**WORK REQUEST**. Having located "925 Silver Necklace" in the listing below, write out its line and every following line exactly, last line included, without the pictures.

**RECORDS FOR THE EXERCISE**.
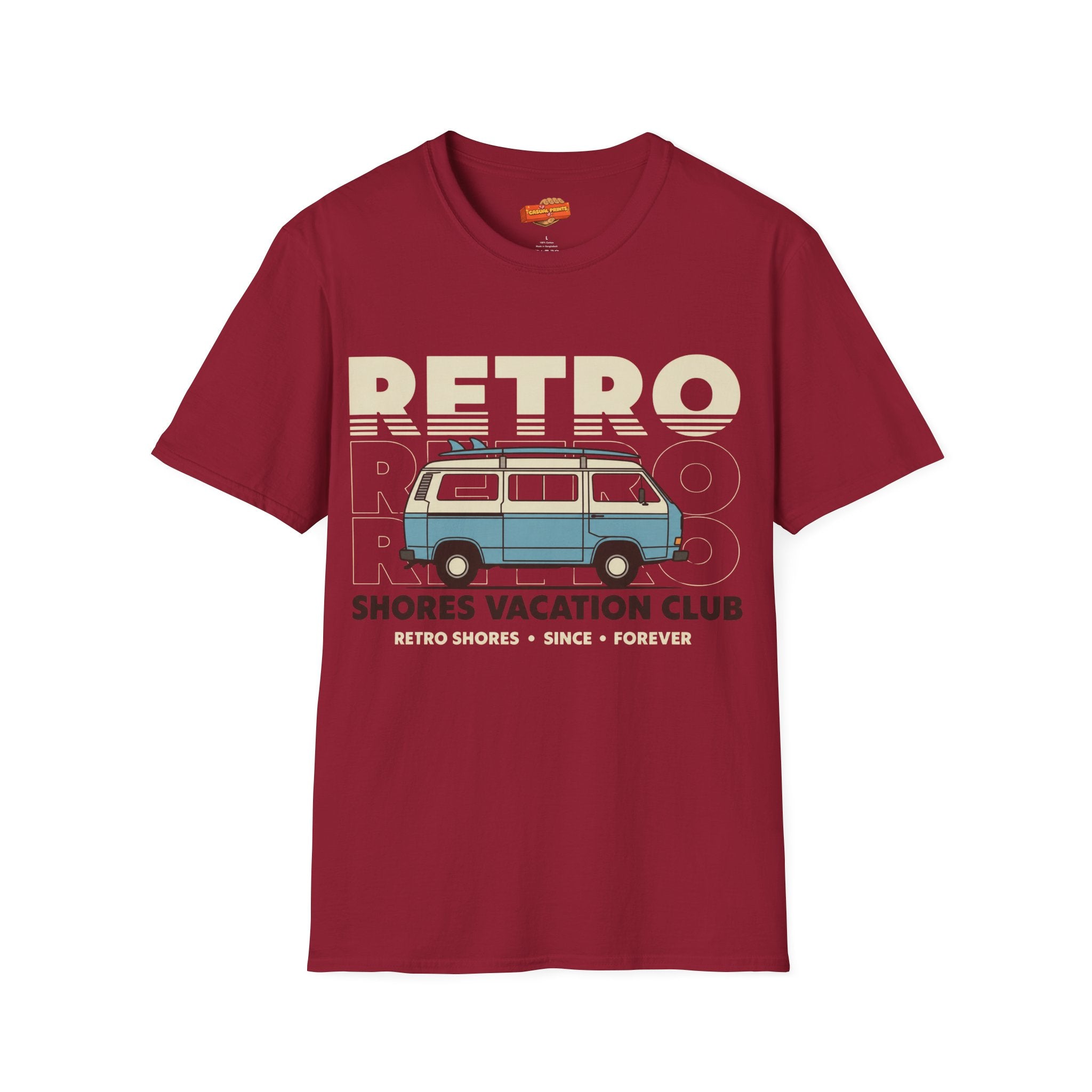Retro Shores Vacation Club T-Shirt — Vintage Road Trip Van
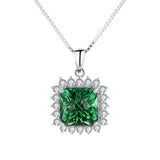 925 Silver Necklace with Emerald Zircon Pendant for Women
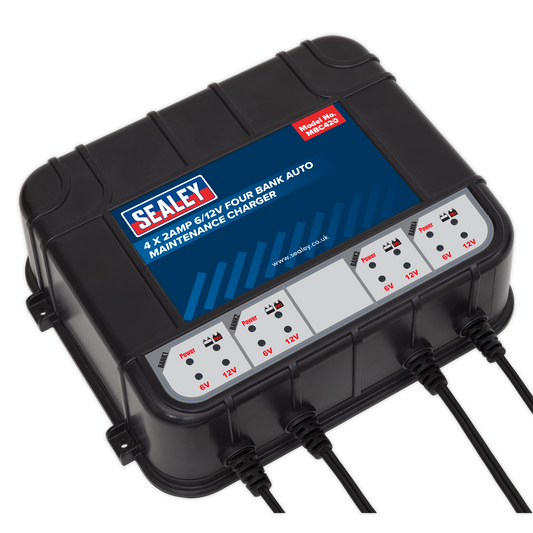 Sealey 8A (4 x 2A) 6/12V Four Bank Auto Maintenance Charger MBC420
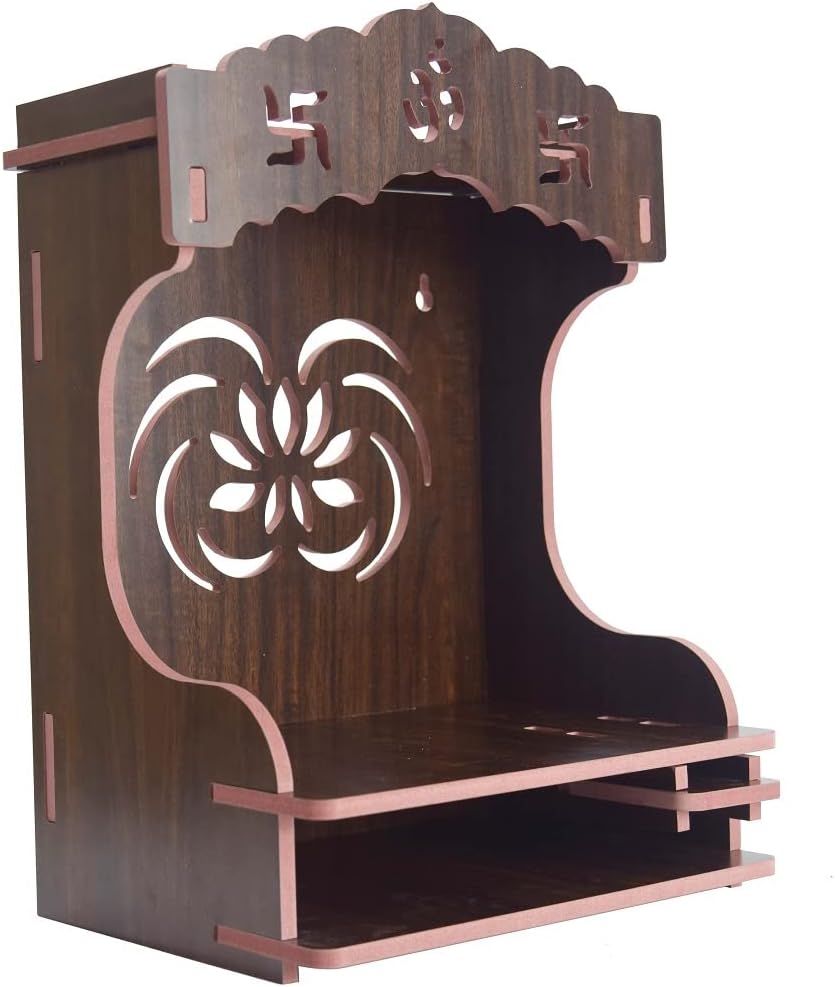 nexat Wooden Door Temple for Pooja Room | MDF Mandir with Door Design | Home Temple for Living Room & Office (456)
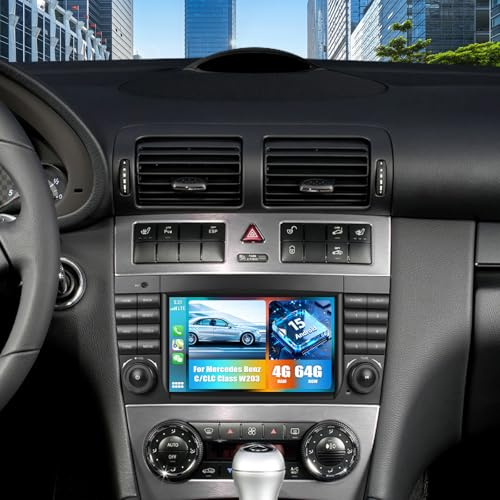 CAMECHO 8-Kern 4+64G Android 15 Carplay Autoradio für Mercedes Benz C-Klasse/CLS W203, DSP Carplay mit Navigation, 7-Zoll Touchscreen Bluetooth Radio Auto mit WiFi GPS FM/RDS 32EQ Mirror Link
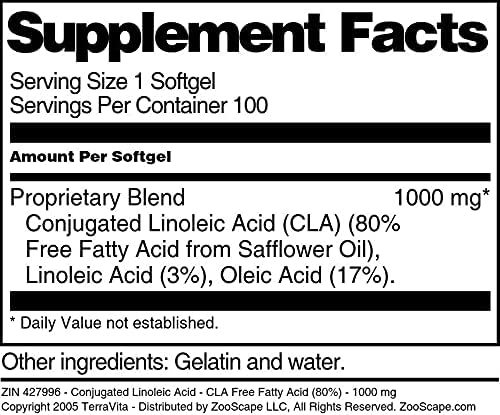 Conjugated Linoleic Acid - CLA Free Fatty Acid (80%) - 1000 mg (100 softgels, ZIN: 427996)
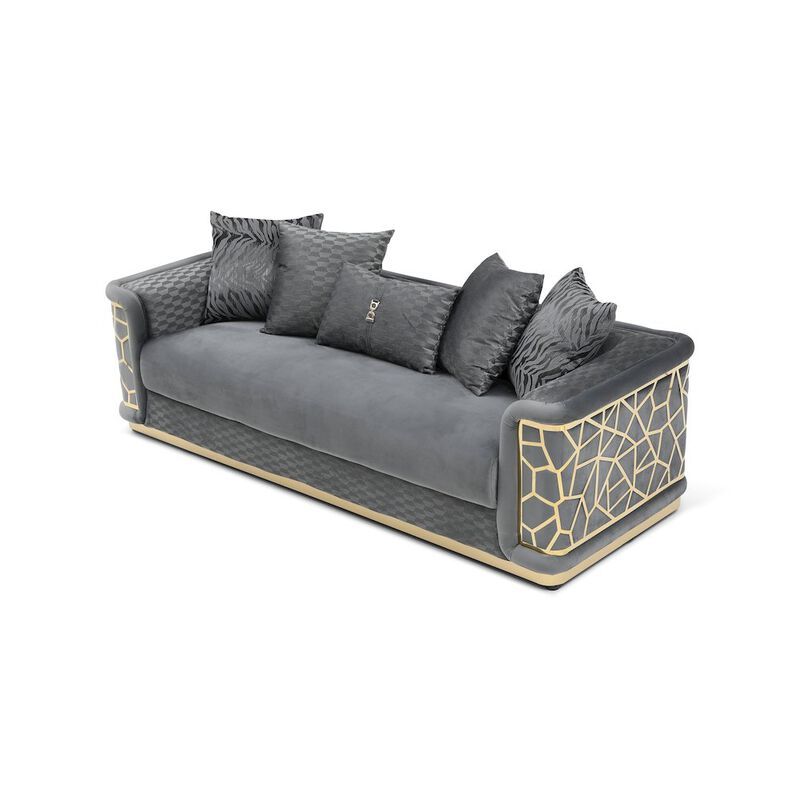 Glory Furniture Talia Sofa in Dark Gray Color
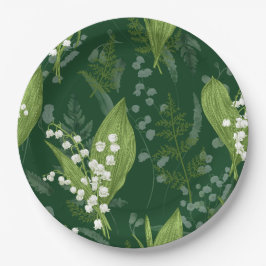Prato De Papel Lily of Valley com Ferns | Verde Escuro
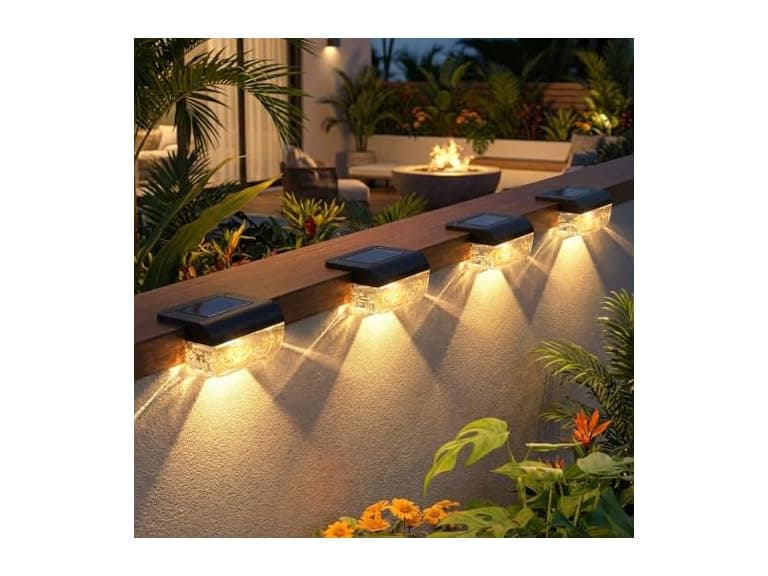 Warm White Solar Deck Lights 8 Pck - Image 1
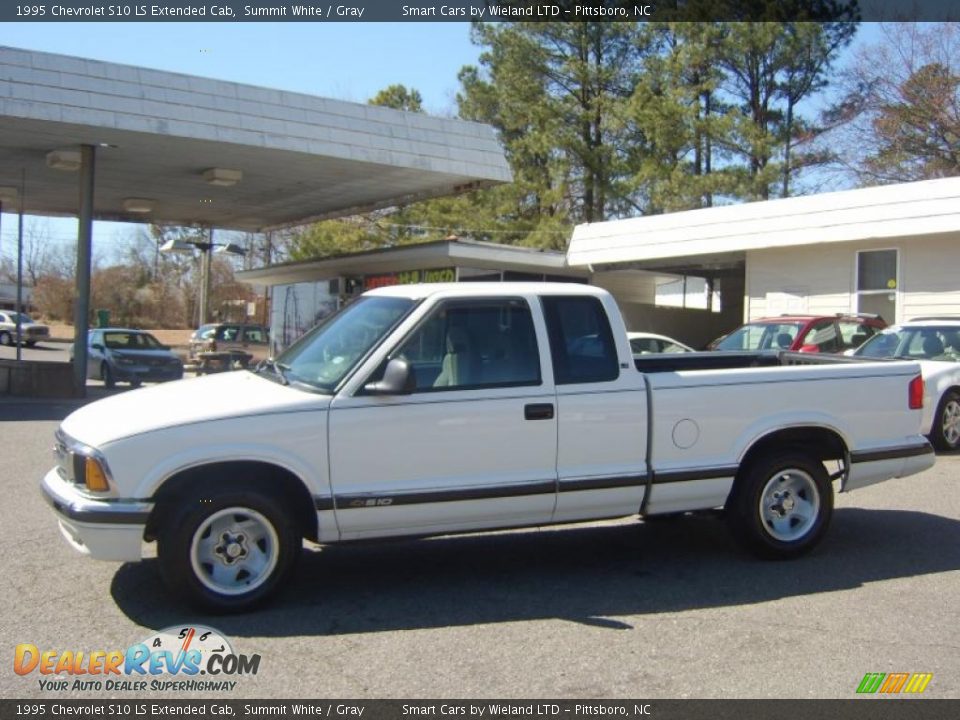 1995 Chevrolet S10 LS Extended Cab Summit White / Gray Photo #7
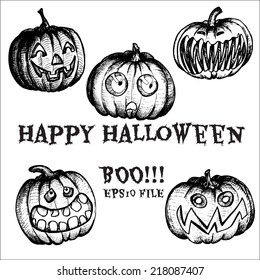 Set hand drawn pumpkins for Halloween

**TASK ANSWER**.
 925 Silver Necklace with Emerald Zircon Pendant for Women
 Sealey 8A (4 x 2A) 6/12V Four Bank Auto Maintenance Charger MBC420
 nexat Wooden Door Temple for Pooja Room | MDF Mandir with Door Design | Home Temple for Living Room & Office (456)
 CAMECHO 8-Kern 4+64G Android 15 Carplay Autoradio für Mercedes Benz C-Klasse/CLS W203, DSP Carplay mit Navigation, 7-Zoll Touchscreen Bluetooth Radio Auto mit WiFi GPS FM/RDS 32EQ Mirror Link
 Conjugated Linoleic Acid - CLA Free Fatty Acid (80%) - 1000 mg (100 softgels, ZIN: 427996)
 Glory Furniture Talia Sofa in Dark Gray Color
Prato De Papel Lily of Valley com Ferns | Verde Escuro
 Warm White Solar Deck Lights 8 Pck - Image 1
 1995 Chevrolet S10 LS Extended Cab Summit White / Gray Photo #7
 Set hand drawn pumpkins for Halloween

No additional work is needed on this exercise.